Reagan was fearless in the face of the Soviet threat. He began negotiations with Soviet leaders in spite of dire warnings by his advisers. His idea for a nuclear defense shield (and it was only an idea, it never was developed) actually put the Soviets on the defense for the first time. Mikhail Gorbachev, General Secretary of the Soviet Union, met with Reagan and not only did the two get along, they became friends. The events that transpired as a result of Reagan's negotiations with Gorbachev are too numerous to list here, but essentially, Reagan was the catalyst that caused the dissolution of the Soviet Union and the end of the Cold War. The vision and courage of one man, brought down one of the world's greatest super-powers.

It is time for us to step out of our comfort zone. We may not have the political savvy of a Ronald Reagan, but every citizen of this country that really values freedom has what it takes to stand up for the principles that built this nation.
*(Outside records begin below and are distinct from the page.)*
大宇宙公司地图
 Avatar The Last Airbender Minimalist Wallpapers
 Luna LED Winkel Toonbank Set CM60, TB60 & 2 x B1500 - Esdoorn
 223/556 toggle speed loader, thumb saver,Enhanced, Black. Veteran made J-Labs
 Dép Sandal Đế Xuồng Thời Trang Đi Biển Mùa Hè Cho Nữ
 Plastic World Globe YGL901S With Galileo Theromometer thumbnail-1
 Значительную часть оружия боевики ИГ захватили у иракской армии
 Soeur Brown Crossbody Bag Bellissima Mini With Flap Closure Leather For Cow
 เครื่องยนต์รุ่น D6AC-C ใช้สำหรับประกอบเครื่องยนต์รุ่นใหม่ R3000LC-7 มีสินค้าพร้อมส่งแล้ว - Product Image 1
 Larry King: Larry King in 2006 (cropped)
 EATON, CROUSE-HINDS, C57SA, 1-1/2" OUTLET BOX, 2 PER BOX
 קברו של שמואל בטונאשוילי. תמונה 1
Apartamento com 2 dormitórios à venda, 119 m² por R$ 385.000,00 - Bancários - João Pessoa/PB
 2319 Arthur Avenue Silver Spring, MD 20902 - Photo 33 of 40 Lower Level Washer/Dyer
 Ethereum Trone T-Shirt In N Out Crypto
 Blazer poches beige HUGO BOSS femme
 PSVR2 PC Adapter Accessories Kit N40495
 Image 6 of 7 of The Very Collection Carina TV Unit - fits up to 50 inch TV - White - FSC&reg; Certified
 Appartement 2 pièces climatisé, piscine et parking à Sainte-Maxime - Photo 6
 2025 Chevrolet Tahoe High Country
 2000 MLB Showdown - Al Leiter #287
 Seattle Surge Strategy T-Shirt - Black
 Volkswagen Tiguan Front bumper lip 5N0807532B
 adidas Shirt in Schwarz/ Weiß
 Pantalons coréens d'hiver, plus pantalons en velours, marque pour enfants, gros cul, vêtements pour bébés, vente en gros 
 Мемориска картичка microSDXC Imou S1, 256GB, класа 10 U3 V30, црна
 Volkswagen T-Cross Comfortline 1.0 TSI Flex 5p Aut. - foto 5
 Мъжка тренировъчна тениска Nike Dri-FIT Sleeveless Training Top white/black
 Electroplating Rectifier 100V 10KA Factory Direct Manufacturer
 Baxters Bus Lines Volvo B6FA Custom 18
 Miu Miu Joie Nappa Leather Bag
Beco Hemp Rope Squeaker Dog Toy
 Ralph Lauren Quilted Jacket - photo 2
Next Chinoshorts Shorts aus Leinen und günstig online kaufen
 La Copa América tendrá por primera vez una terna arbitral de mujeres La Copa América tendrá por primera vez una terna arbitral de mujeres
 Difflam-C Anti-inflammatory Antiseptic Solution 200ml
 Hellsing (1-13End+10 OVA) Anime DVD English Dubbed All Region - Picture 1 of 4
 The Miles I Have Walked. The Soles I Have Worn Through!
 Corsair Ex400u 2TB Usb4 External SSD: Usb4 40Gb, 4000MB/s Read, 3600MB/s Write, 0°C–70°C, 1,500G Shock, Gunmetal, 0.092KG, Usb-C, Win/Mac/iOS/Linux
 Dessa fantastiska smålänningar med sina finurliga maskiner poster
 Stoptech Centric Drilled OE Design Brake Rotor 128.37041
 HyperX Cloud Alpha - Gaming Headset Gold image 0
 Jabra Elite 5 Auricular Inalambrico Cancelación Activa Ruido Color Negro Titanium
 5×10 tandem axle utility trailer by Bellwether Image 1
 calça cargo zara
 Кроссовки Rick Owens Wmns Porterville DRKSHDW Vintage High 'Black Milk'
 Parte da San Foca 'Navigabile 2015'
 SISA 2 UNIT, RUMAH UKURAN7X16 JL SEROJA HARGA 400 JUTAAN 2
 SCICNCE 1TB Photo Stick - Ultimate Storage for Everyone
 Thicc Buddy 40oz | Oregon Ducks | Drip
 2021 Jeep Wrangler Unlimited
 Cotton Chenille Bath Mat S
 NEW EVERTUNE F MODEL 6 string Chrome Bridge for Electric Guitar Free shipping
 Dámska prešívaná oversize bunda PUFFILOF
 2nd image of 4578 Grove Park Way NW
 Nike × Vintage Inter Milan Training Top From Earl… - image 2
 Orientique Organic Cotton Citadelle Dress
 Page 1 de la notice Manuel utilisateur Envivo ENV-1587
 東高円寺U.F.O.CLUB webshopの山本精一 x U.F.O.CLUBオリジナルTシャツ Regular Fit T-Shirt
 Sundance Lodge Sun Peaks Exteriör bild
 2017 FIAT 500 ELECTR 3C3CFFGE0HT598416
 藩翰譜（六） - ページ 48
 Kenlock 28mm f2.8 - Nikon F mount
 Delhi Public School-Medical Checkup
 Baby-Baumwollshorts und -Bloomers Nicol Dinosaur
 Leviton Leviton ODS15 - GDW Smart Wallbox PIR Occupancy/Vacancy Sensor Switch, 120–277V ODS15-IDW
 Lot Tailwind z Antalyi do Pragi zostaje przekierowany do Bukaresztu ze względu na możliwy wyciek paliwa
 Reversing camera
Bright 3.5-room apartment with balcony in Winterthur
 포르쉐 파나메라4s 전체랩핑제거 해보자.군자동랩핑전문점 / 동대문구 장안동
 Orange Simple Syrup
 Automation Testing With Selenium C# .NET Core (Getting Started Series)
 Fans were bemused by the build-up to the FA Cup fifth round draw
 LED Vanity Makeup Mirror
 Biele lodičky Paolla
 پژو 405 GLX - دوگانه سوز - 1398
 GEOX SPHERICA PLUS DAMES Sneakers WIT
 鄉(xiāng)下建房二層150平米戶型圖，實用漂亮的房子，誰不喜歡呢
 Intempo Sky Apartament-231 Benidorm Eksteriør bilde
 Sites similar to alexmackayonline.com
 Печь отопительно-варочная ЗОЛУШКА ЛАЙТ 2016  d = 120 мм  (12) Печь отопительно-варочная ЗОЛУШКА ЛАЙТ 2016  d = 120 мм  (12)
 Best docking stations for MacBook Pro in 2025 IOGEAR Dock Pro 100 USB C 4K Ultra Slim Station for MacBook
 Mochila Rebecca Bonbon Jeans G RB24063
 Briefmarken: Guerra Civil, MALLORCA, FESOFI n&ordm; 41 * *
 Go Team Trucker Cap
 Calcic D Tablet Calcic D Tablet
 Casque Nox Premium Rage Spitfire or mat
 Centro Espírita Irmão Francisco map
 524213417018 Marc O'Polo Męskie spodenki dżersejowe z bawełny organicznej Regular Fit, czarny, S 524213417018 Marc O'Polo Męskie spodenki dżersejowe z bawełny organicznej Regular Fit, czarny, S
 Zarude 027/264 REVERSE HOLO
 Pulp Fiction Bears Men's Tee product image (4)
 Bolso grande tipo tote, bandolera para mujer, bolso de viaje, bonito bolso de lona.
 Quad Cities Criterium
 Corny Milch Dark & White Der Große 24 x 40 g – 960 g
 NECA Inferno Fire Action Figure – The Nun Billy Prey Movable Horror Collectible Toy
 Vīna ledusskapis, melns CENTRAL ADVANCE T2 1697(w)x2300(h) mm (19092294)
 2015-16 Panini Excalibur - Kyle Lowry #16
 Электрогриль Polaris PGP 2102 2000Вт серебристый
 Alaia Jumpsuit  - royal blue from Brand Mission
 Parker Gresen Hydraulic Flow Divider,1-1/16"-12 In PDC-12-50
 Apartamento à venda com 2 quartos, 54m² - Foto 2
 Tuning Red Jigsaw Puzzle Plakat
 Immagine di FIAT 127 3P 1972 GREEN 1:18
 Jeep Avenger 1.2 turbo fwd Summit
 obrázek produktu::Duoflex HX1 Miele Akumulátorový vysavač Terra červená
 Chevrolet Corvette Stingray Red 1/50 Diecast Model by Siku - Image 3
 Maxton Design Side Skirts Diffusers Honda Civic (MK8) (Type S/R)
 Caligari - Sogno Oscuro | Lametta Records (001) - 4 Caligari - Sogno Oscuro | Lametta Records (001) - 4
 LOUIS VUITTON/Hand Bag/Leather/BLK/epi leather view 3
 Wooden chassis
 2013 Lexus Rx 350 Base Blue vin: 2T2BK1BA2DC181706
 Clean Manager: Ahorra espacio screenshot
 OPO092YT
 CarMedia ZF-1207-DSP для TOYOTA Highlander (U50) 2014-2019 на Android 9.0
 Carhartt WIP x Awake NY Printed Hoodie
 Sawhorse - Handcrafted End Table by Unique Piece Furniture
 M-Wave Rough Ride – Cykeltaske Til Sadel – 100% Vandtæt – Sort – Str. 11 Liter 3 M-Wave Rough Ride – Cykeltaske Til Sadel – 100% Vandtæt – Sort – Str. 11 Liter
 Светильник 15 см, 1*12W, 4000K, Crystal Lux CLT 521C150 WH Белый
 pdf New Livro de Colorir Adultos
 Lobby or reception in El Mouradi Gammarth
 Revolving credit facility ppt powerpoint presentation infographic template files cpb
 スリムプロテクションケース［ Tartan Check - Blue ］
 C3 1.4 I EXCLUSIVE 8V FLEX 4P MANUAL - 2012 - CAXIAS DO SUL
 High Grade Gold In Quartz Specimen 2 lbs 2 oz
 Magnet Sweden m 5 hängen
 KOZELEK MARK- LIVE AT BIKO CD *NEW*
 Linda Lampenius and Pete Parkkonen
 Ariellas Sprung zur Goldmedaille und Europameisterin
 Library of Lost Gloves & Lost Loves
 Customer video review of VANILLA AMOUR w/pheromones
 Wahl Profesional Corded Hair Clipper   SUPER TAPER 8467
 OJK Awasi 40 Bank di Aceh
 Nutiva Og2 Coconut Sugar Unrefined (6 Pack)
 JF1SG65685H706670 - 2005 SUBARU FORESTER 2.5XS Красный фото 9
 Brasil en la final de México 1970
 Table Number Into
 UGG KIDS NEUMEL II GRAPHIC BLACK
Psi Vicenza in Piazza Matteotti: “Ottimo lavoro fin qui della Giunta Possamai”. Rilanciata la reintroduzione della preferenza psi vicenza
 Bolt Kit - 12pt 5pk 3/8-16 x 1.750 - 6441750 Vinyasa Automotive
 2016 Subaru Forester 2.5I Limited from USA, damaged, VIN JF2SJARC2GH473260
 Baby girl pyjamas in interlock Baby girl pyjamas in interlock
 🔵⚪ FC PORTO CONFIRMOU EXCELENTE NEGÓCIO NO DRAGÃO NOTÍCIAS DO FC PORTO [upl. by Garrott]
We don't have to just accept the norms being forced on us by a godless Hollywood or liberal government. We have a right to be heard and represented. It may mean sacrificing a little personal comfort, but is that really so much to give up? It is time to speak loudly and often and fight back against forces that would turn this country into a failed socialist state. Too many people have worked too hard and many have died to give us this great country. It is simply unacceptable for us to lay down and allow it to be taken away from us without a fight. 


  1. Awesome post.

    It isn't just politicians that make a difference. Often change takes place through the act of one indiviudal - that has had enough of tyranny. Like Rosa Parks!

    We as individuals can do something. For Rosa Parks? All she had to do was to take a seat for liberty. One small act changed a nation.

    I think I can hear the liberty bell ringing.

    “Be the change you want to see in the world.” - Gandhi

  2. No doubt, and we will have to fight some in our own party!